Erekhtheion Tapınağı, mitolojiye göre Attika’yı elde etmek için Poseidon ile Athena’nın tartıştıkları yer. Poseidon buraya yabasının izini bırakmış, Athena ise gizli bir zeytin ağacı dikmiş.

Tapınağın güney kapısında, Karyatides adı verilen kadınlı sütunlar duruyor. Tapınak 15. yüzyılda Osmanlı haremi olarak kullanılmış.

Pnika, bilinen ilk mahkeme. Tarihte ilk oylamanın burada yapıldığı bilinmekte. Yaya yolundan devam edince karşınıza antik agora çıkıyor. Tarihte, politika ve güncel olayların tartışıldığı bina, az hasarla günümüze kadar ulaşmış.

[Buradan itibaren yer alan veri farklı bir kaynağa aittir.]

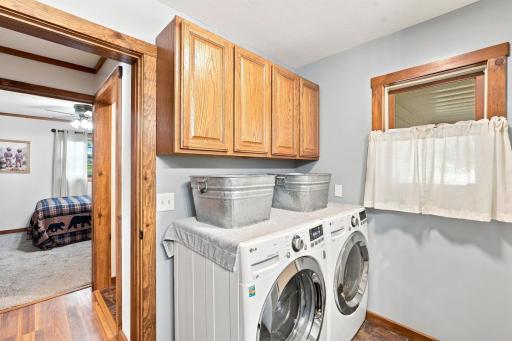 29-web-or-mls-A7404057.jpg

Akropolis’te tepeden de gördüğünüz agora tüm ihtişamıyla gelenleri ayakta karşılıyor. Eğer bir tarih ve sanat meraklısıysanız, çelik, cam ve betondan yapılmış ve 4 bine yakın paha biçilmez buluntulara ev sahipliği yapan Akropolis Müzesi görülmesi gereken yerler arasında. Arkeoloji Müzesi‘nde ise neolitik çağdan günümüze tüm hikayeyi izleme şansınız var.

OTOBÜS TURU YAPIN
Atina’yı yürüyerek dolaşmak çok kolay. Ama daha da kolay bir yolu var. O da ‘hop on-hop off’ otobüslerle, 24 saati 10 euro, 48 saati ise 13 euro’ya şehri turlamak.

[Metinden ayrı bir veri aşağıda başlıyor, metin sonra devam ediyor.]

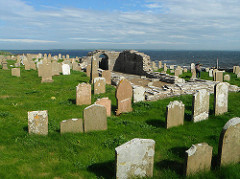 Westray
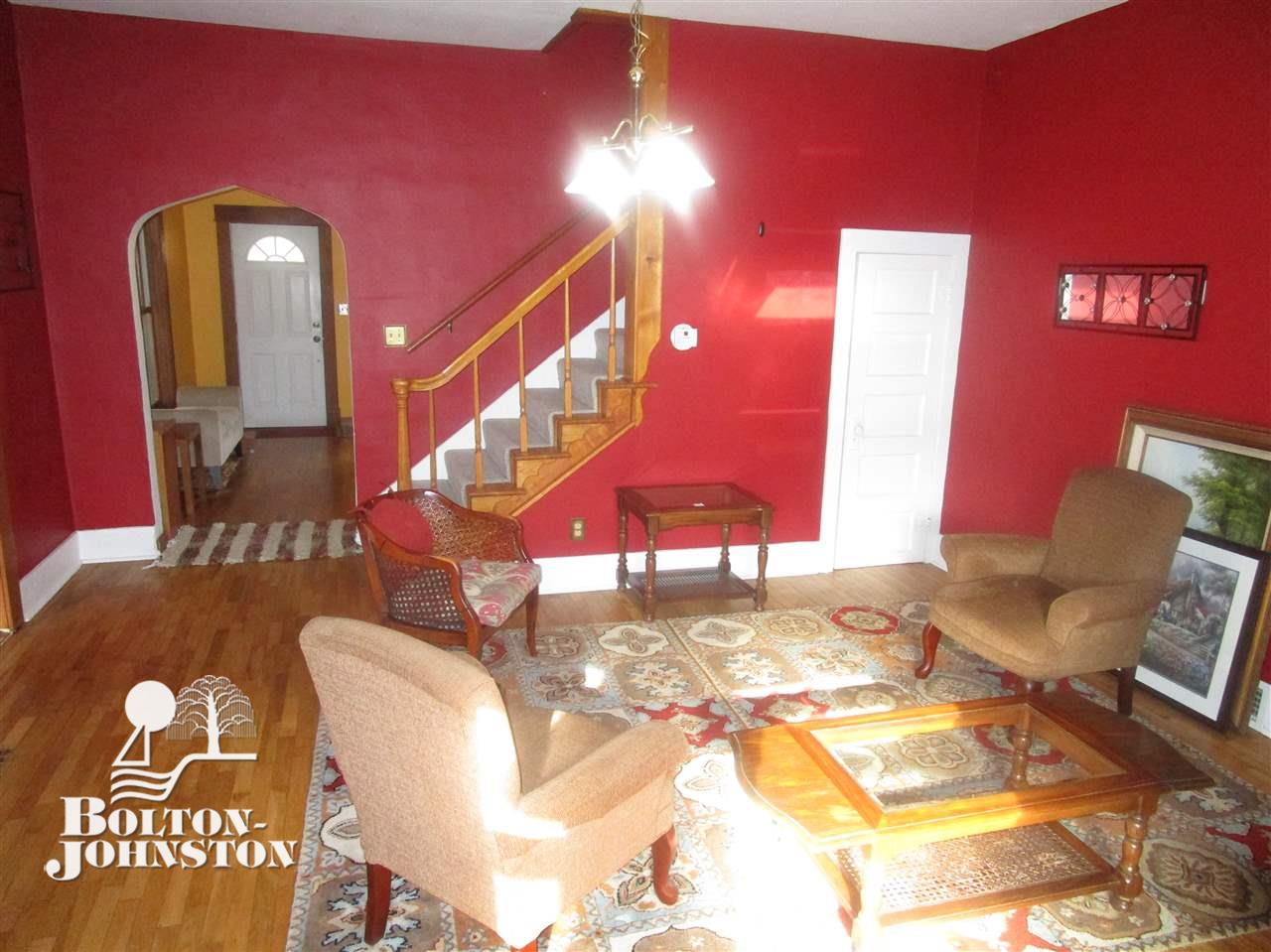 6940 West Herbison Road Dewitt, MI 48820 - Photo 17 of 56 50030410-16.JPG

Tavsiyem, bir tam tur yapıp sonra beğendiğiniz duraklarda inmeniz olacak. Otobüse inip binerken kullanacağınız biletinizi iyi saklamayı ihmal etmeyin.

Antik bölgeyi bitirdikten sonra sıra butikleri, kafe ve restoranları ile cıvıl cıvıl olan semtlere gelmekte. Yeni şehre indiğinizde tura, Syntagma (Anayasa) Meydanı’ndan başlamak uygun olabilir. Lüks oteller, butikler, kafe ve restoranlarla çevrili meydan, son dönemlerde halkın protesto gösterileri için toplandığı yer.

KOMŞU ŞEHİR PİRE
Atina’ya kadar gelince, bir saatlik bir otobüs yolculuğu ile Pire’ye de geçebilirsiniz. Hop on-hop off otobüs için alınan biletler burası için de geçerli. Ya da şehir otobüsleri ile direkt gitmek de mümkün.

Pire, Avrupa’nın en büyük yolcu limanı ve buradan Yunan adalarına sayısız feribot kalkıyor. Yolcu gemileri için on bir modern rıhtımı var. 2004 Olimpiyatları sırasında Queen Mary II buraya demirlemiş ve bir yüzen otel olarak görev yapmış.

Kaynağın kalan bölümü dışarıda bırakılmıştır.